» **Your goal**
Set down every entry exactly as it stands, omitting any picture.
_ _ _
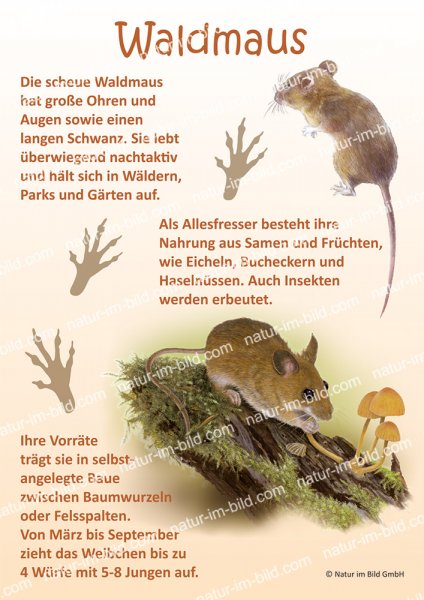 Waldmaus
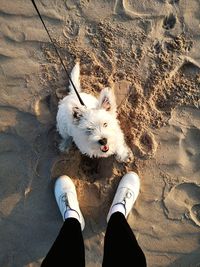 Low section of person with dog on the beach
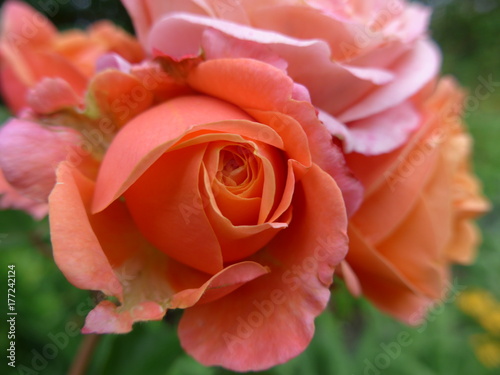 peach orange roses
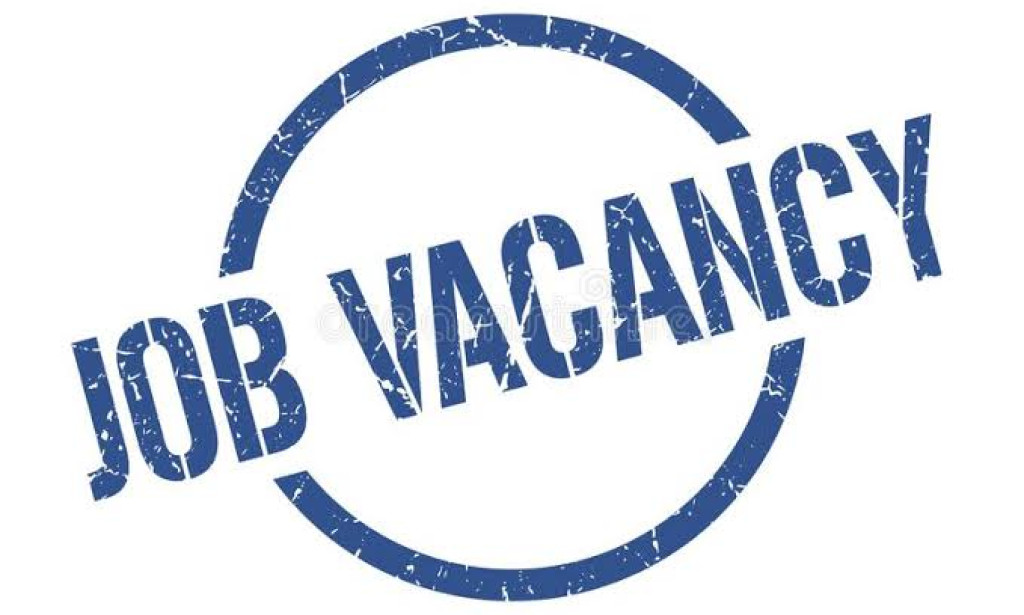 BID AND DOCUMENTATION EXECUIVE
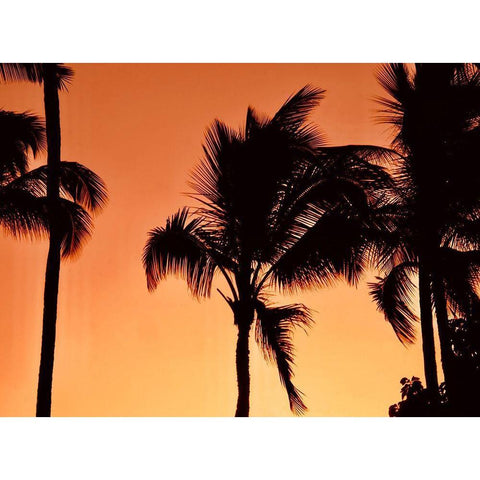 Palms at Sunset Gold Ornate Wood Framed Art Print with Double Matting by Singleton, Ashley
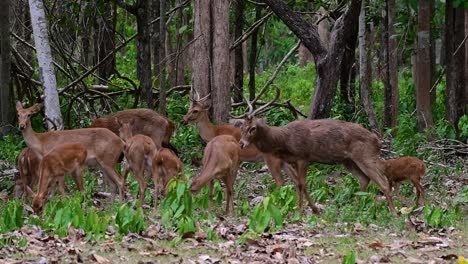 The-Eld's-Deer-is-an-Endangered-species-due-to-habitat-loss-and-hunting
_ _ _
» **Task answer**
 Waldmaus
 Low section of person with dog on the beach
 peach orange roses
 BID AND DOCUMENTATION EXECUIVE
 Palms at Sunset Gold Ornate Wood Framed Art Print with Double Matting by Singleton, Ashley
 The-Eld's-Deer-is-an-Endangered-species-due-to-habitat-loss-and-hunting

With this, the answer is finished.